Forum Moderators: phranque

Message Too Old, No Replies

Duplicate content: rewrite / remove query strings in wrong order

mod_rewrite query string leak duplicate content

         

maxv

8:18 pm on Aug 27, 2014 (gmt 0)

10+ Year Member



Hi everyone,

After a fair amount of hair pulling, I've discovered that there was some bad rewrite code on a site which leaked query string information, then was indexed by the Big G, causing some duplicate content penalties.

The worst of it is that there isn't a consistent order to the query vars, PLUS there are some bogus query strings that need to be removed.

I've looked through the forums here for an out-of-order query rewrite without much luck, hopefully I'm not asking the same question for the N^1000th time. And of course, there are sub-questions /features below, to further muddy things up.

Here goes:

This is a worst case sample URL with a bunch of extraneous query vars, plus a stray ? character where it shouldn't be:


# query variables are showing up in mixed order, this is just one possibility
http://www.example.com/gallery.php?gallery_name=the_gallery_name&image_name=Feature_Image_aeIou121qX?sort=most_viewed&page=120&ipp=9&id=2374803&featuring=Old_MacDonald&loc=500&sort=added_last&floc=3&loc=7


No, I didn't (mostly) write the code that created this monstrosity.
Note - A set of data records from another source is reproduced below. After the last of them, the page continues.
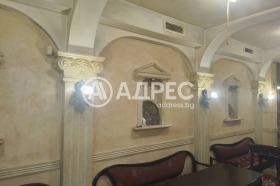 ЗАВЕДЕНИЕ, 79 m2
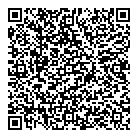 QR код "Азимут"
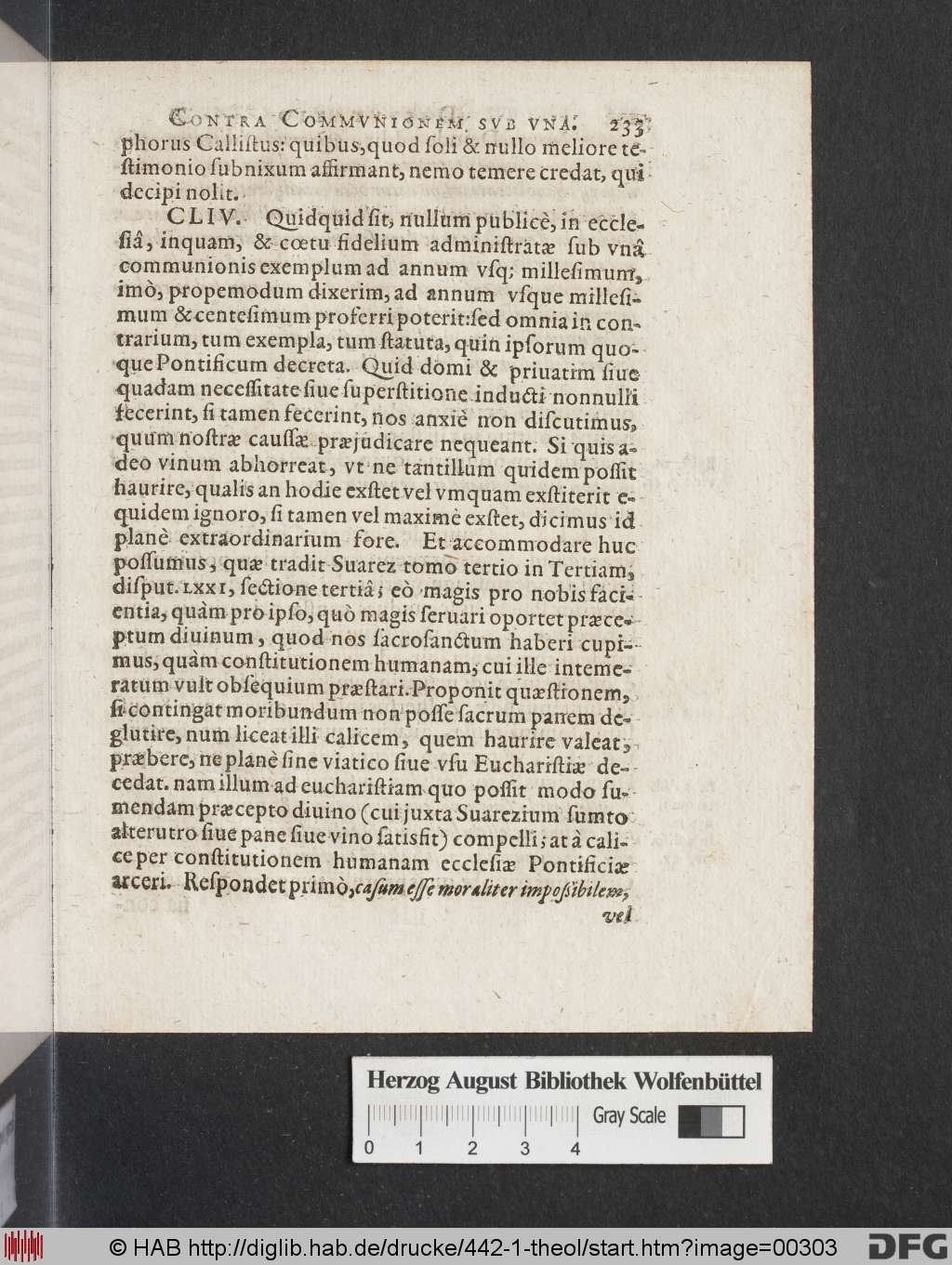 http://diglib.hab.de/drucke/442-1-theol/00303.jpg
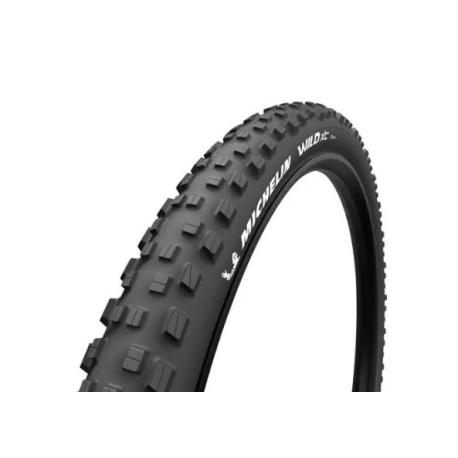 MICHELIN WILD XC PERFORMANCE LINE PNEU VTT MICHELIN WILD XC PERFORMANCE LINE PNEU VTT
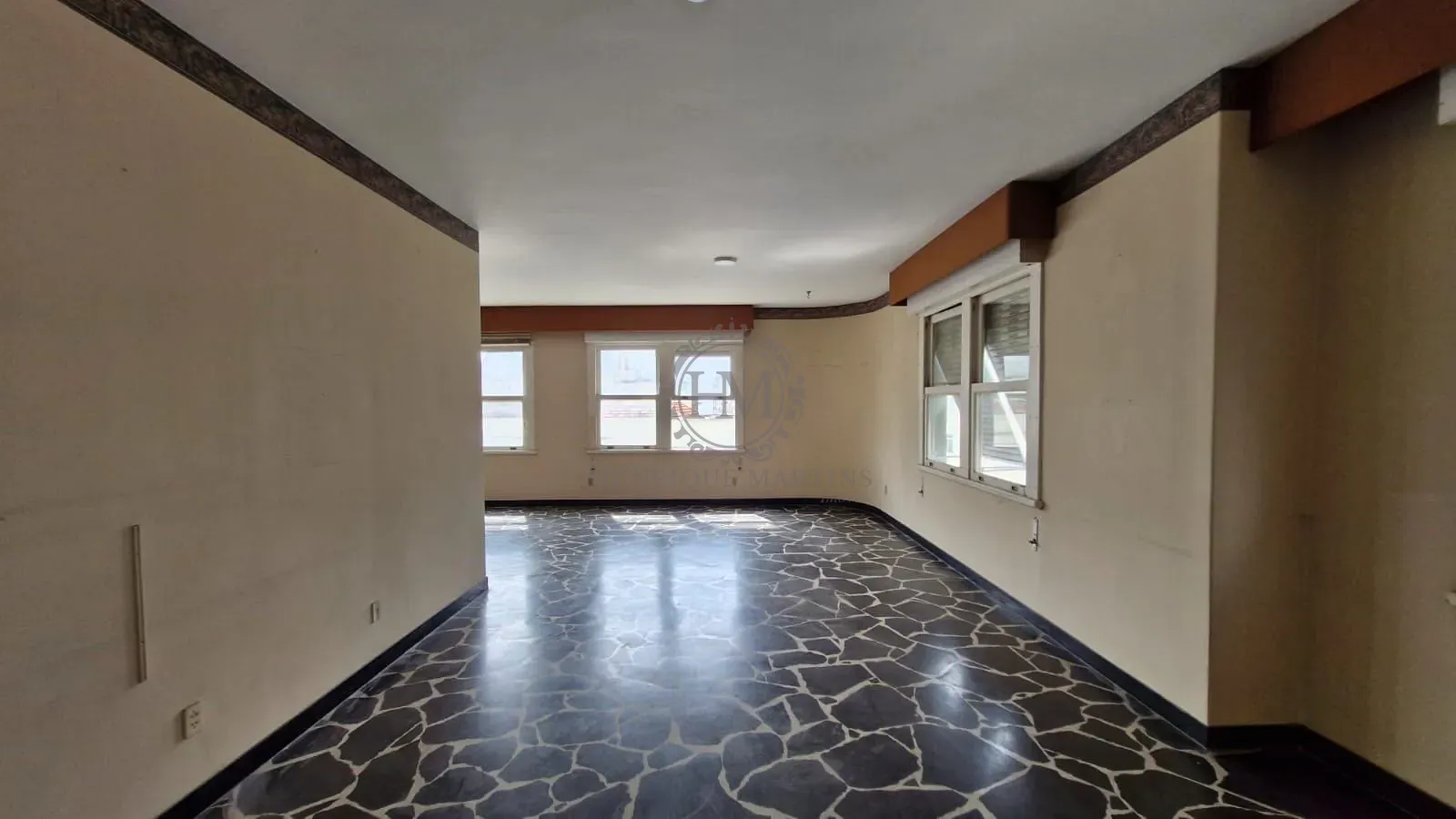 Apartamento, 4 quartos, 260 m² - Foto 24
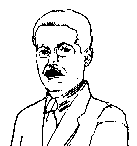 Alfredo Boschi
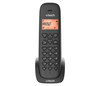 טלפון אלחוטי VTECH ES2710 - שחור
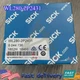 1PCS WL280-2P2431 Brand New for SICK Photoelectric Switch Fast shipment with box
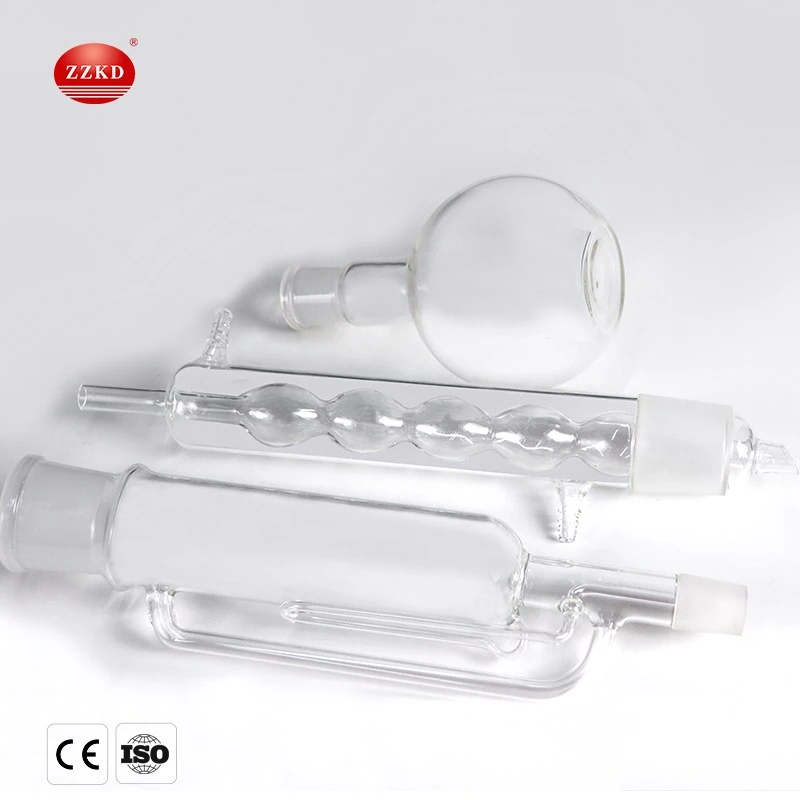 05.jpg soxhlet extractor apparatus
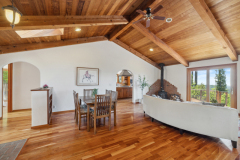 1a-living-area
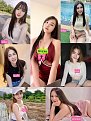 Click image for larger version

Name:	1742764611128.jpg
Views:	38
Size:	236.7 KB
ID:	973502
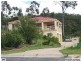 5 Suffolk Place, Mudgeeraba QLD 4213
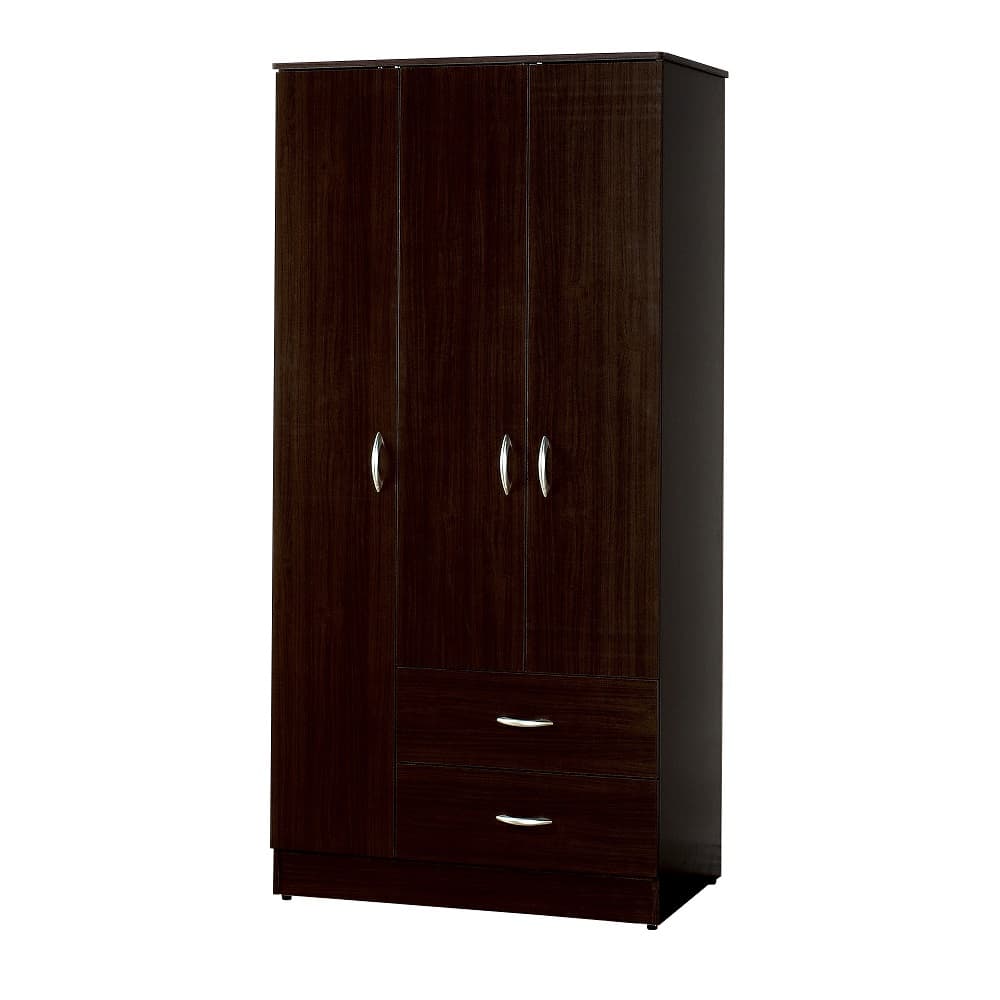 Wardrobe 2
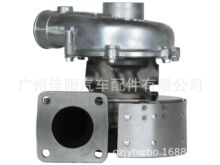 RHB52 24100-1880A 241001880A 24100-1511A VA130035 4TN100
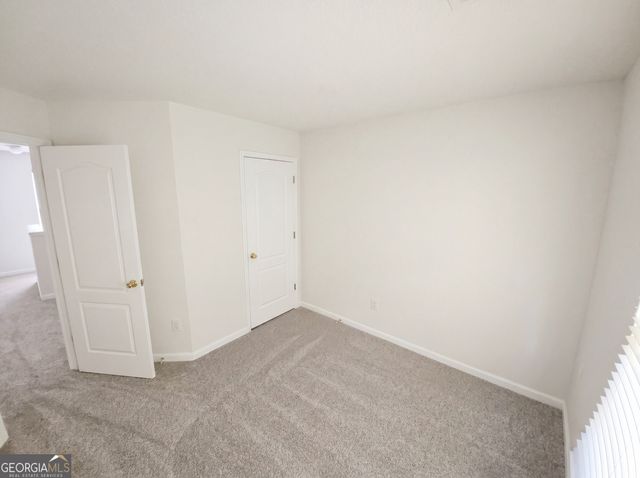 220 Fox Creek Boulevard, Woodstock, GA 30188
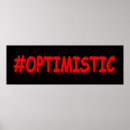 Recherche de optimisme art Vertiges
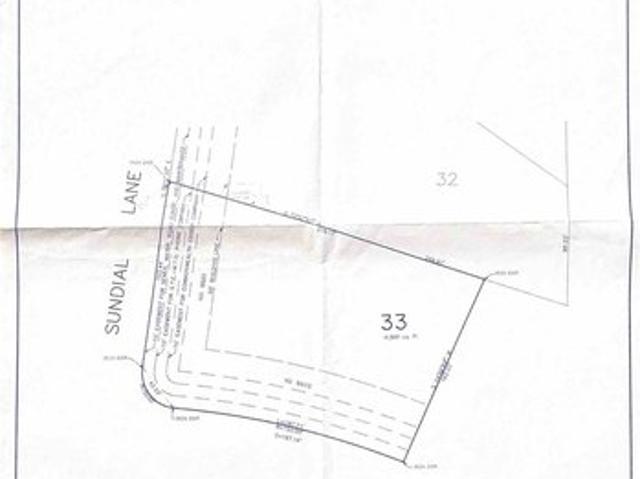 Land for sale in Mchenry, Illinois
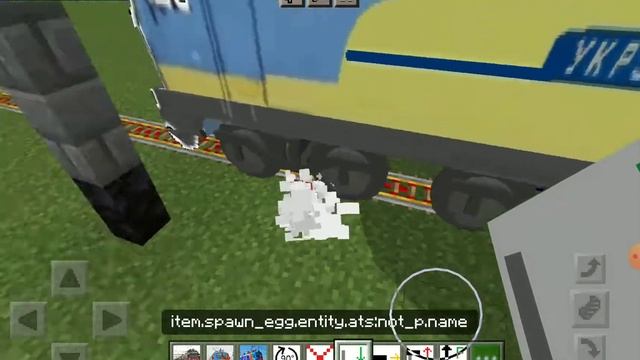 новые моды моего авторства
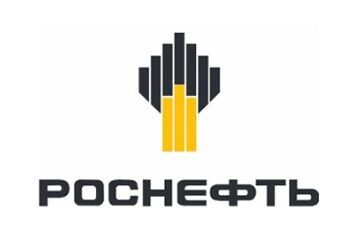 Роснефть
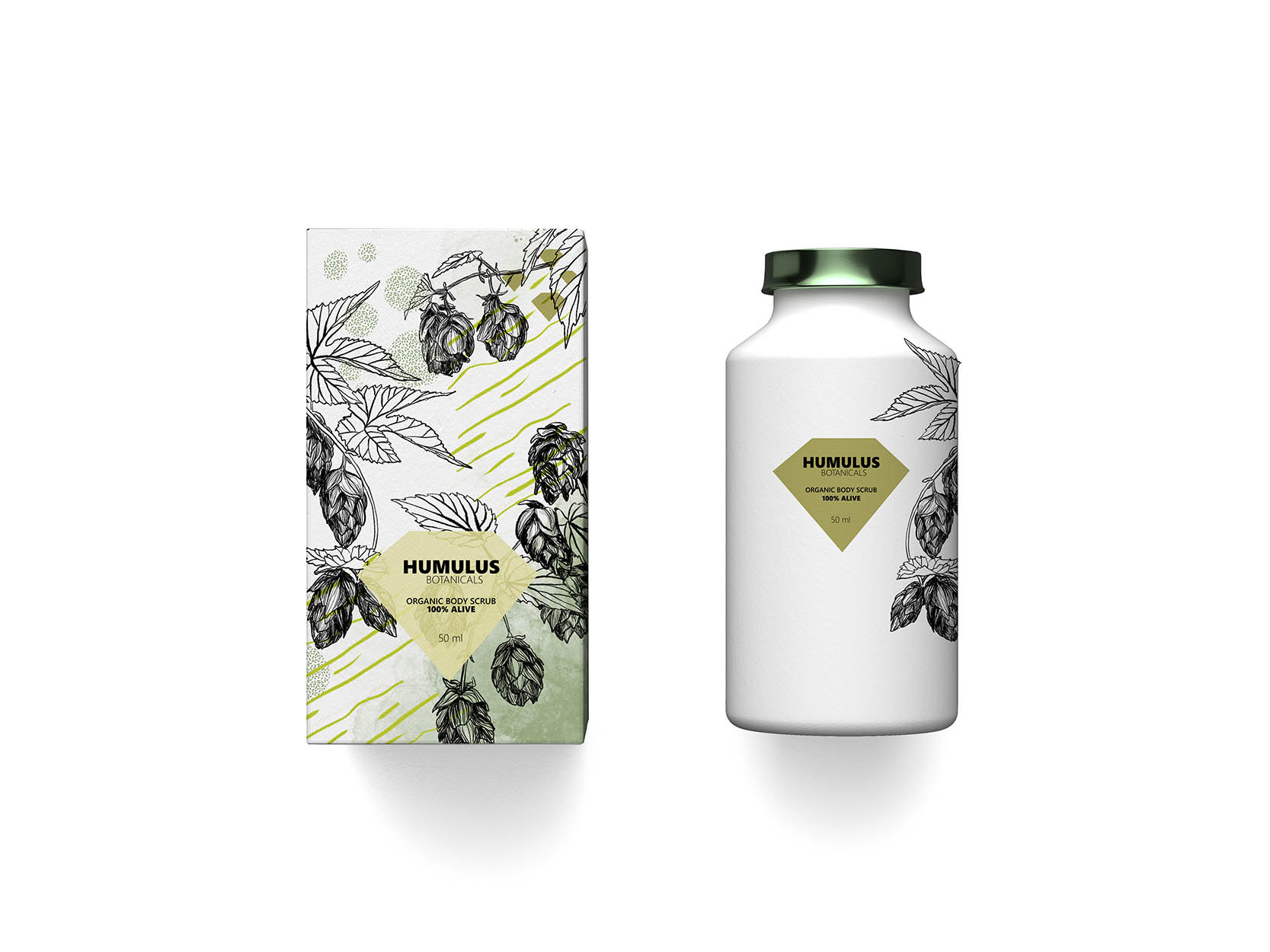 Szilágyi Lilla Krisztina  grafikus képzés végén leadott portfólió 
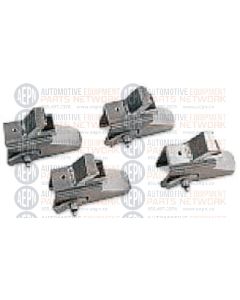 LIGHT TRUCK ADAPTER(4) EAA0351G95A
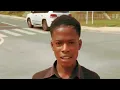 Mano Chaba X Mike Wanguila-Wanguila ( Videoclipe)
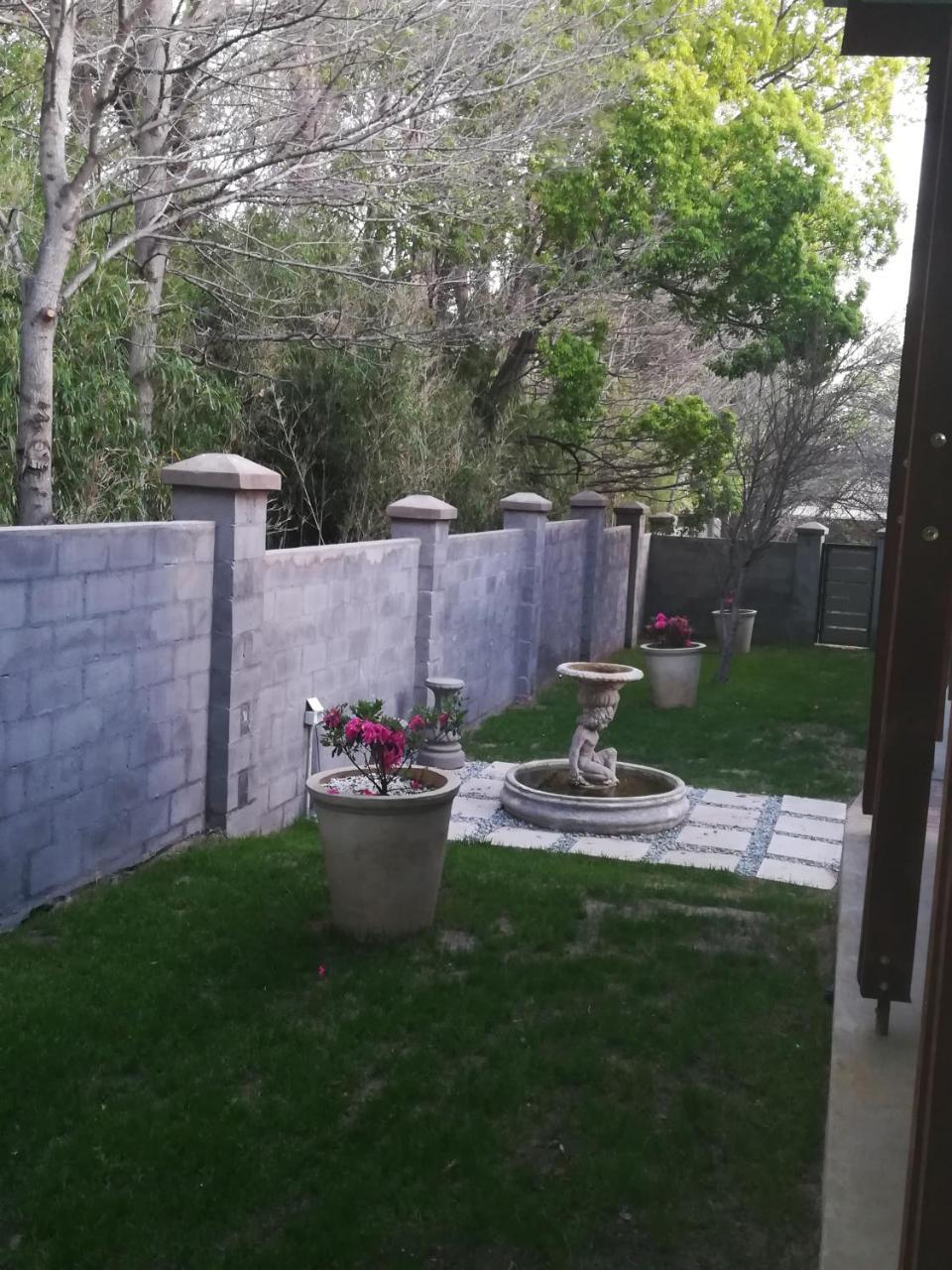 Tranquil House B&B @ 121 Berry St Queenstown Εξωτερικό φωτογραφία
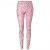 Hey Honey – Women’s Leggings Leo – Leggings size XS, pink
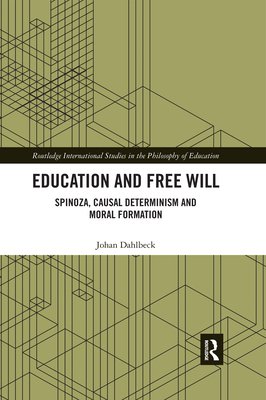 Education and free will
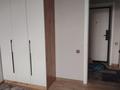 2-комнатная квартира · 60 м² · 5/9 этаж, Есенберлина за 250 000 ₸ в Усть-Каменогорске — фото 14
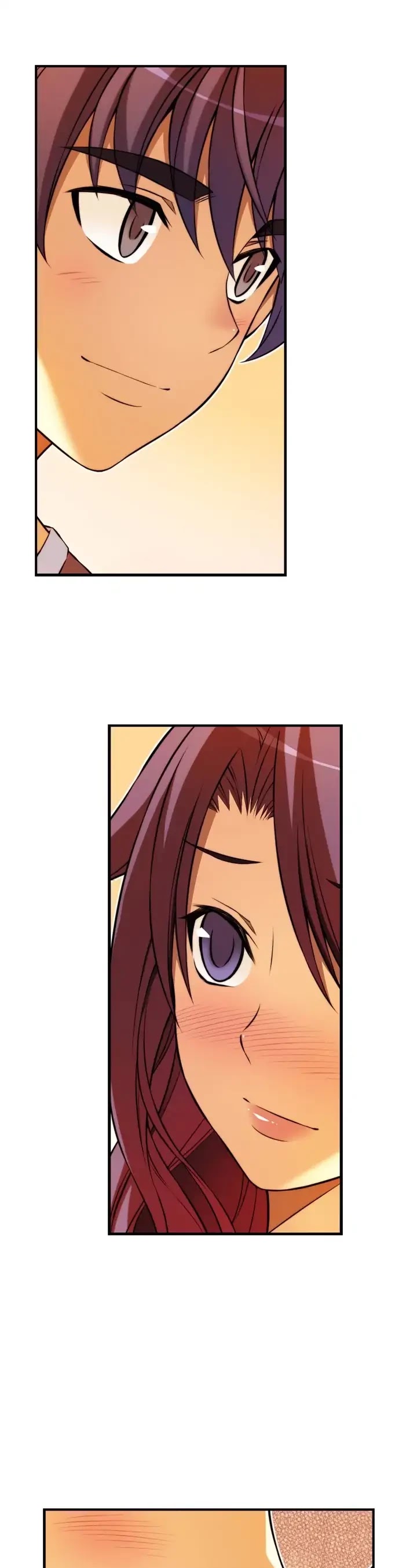 Unbalance x2: After Story Chapter 50 page 14 - Chapter 50: I Love You (2) [END]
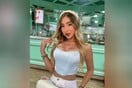 Νεκρή influencer στην Κολομβία - Παρίστανε τον διανομέα και την πυροβόλησε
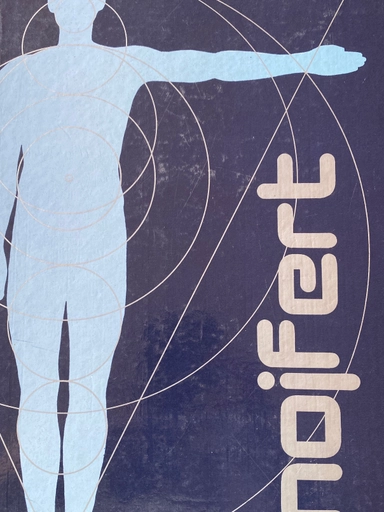 Arhitektonsko projektovanje ; Ernst Neufert; 1988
It's an amalgam of old indexed content, plus the more recent rewrite leak of query vars. Backlinks generated by other sites have compounded the issue by injecting junk into the links (e.g. featuring=Old_MacDonald), and there's some old pagination stuff like loc, floc which does nothing and needs dropping.

Ultimately, there are only four parameters to keep: gallery_name, image_name (optional), sort, and page.

Ideally, the canonical version would look like either:

http://www.example.com/The_Gallery_Name/feature_image_aeIou121qX?sort=most_viewed&page=120


or if there's no image_name query var,

http://www.example.com/The_Gallery_Name?sort=most_viewed&page=120


This URL would be what Google and users ultimately see in the address bar.

(note the Capitalization change from the_article to The_Gallery_Name- each word should be capitalized, and there's no fixed number of words in the name - I think I may know how to approach this with RewriteMap)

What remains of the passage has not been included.